What worries me is that users already know about char, int and EOF. To use
character properly probably requires more than just copying from examples.

> If you really care to make filters written by naive users via a simple
> blocking interface applicable to more advanced nonblocking scenarios,
> you can design a generic adapter that turns a blocking filter into a
> nonblocking one. That is, it would wrap both the upstream and
> downstream, I imagine with a dynamically growing buffer that will accept
> any single output the naive user wants to produce, but then flagging
> when its downstream consumer doesn't accept the entire amount, and
> returning the EAGAIN equivalent to its upstream instead of calling the
> user's naive blocking method. This strategy would require a close
> notification since the buffered unaccepted stuff would be left alone
> until the next write attempt (unless you want to spawn a thread to spin
> attempting to empty the buffer).

I hadn't thought of that. I'd much rather teach people how to write correct
filters, so they can be used with maximum efficiency. There's also no good way
to turn a blocking input filter into a non-blocking one -- unless you consider
that every blocking input filter is sort of a degenerate non-blocking filter.
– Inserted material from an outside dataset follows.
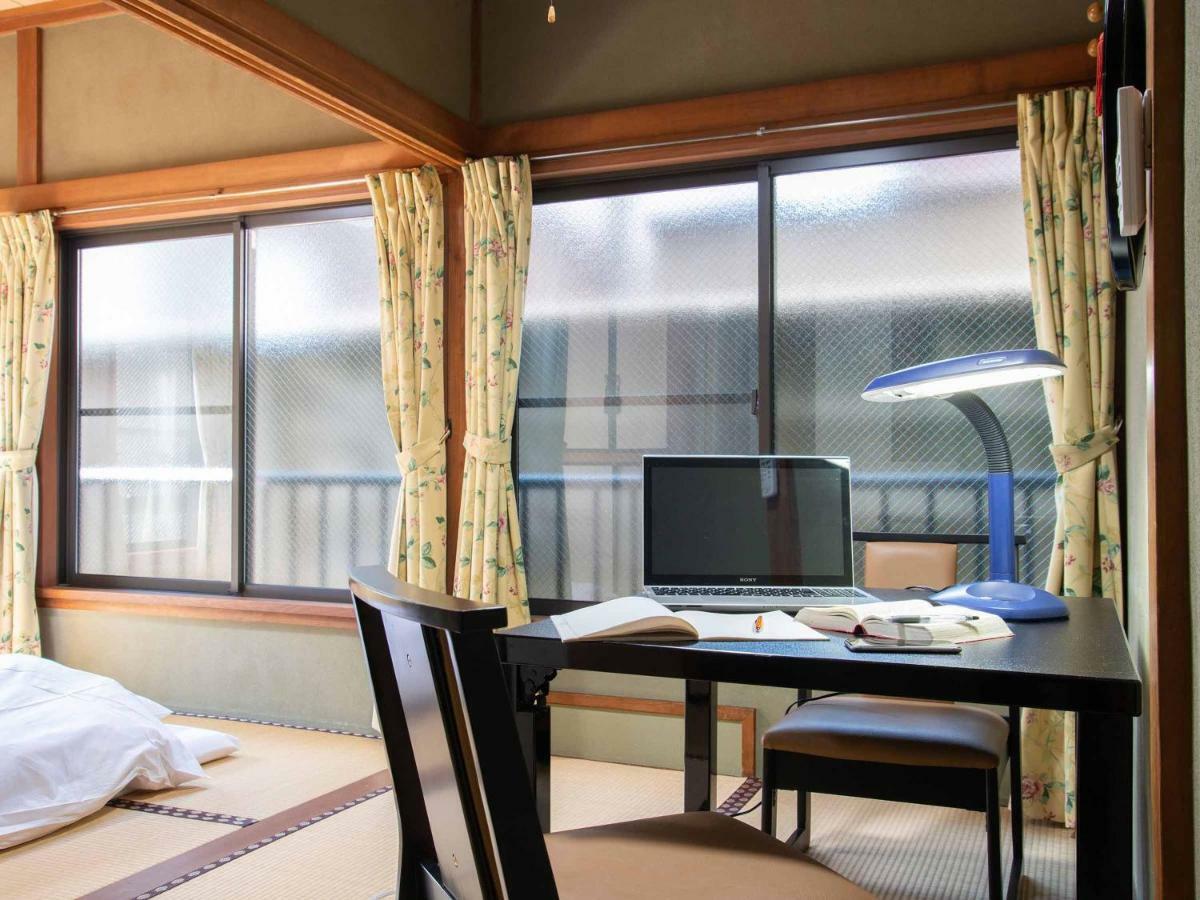 Ryokan Niko Koganei Exterior photo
> About the close() or open() methods for a filter that wants to write
> some prelude or coda (e.g. gzip): aren't these only necessary because
> you can't guarantee that the constructors and destructors for the filter
> stack are called in the proper order?

No -- filters should be reusable. Here's an example from a reply I wrote to Rob
Stewart (it turned out not to be relevant to that discussion, but maybe it'll be
relevant here ;-).

"Jonathan Turkanis" <technews_at_[hidden]> wrote in message
news:chalsi$cmb$1_at_sea.gmane.org...
> struct zlib_ostream : filtering_ostream {
> zlib_ostream() { push(zlib_compressor()); }
>
> template<typename Source>
> zlib_ostream(const Source& src )
> {
> push(zlib_compressor());
> open(src);
> }
>
> template<typename Source>
> void open(const Source& src )
> {
> BOOST_STATIC_ASSERT(is_resource<src>::value);
> push(src);
> }
>
> bool is_open() const { return is_complete(); }
>
> template<typename Source>
> void close(const Source& src )
> {
> assert(is_open());
> pop();
> }
> };

int main()
{
    using namespace boost::io;
    zlib_ostream out;
    out.open(file_sink("hello_world"));
    out << "hello world!";
    out.close();
    out.open(file_sink("goodbye_world"));
    out << "goodbye world!";
}

Only one zlib_compressor is constructed, but it is used several times.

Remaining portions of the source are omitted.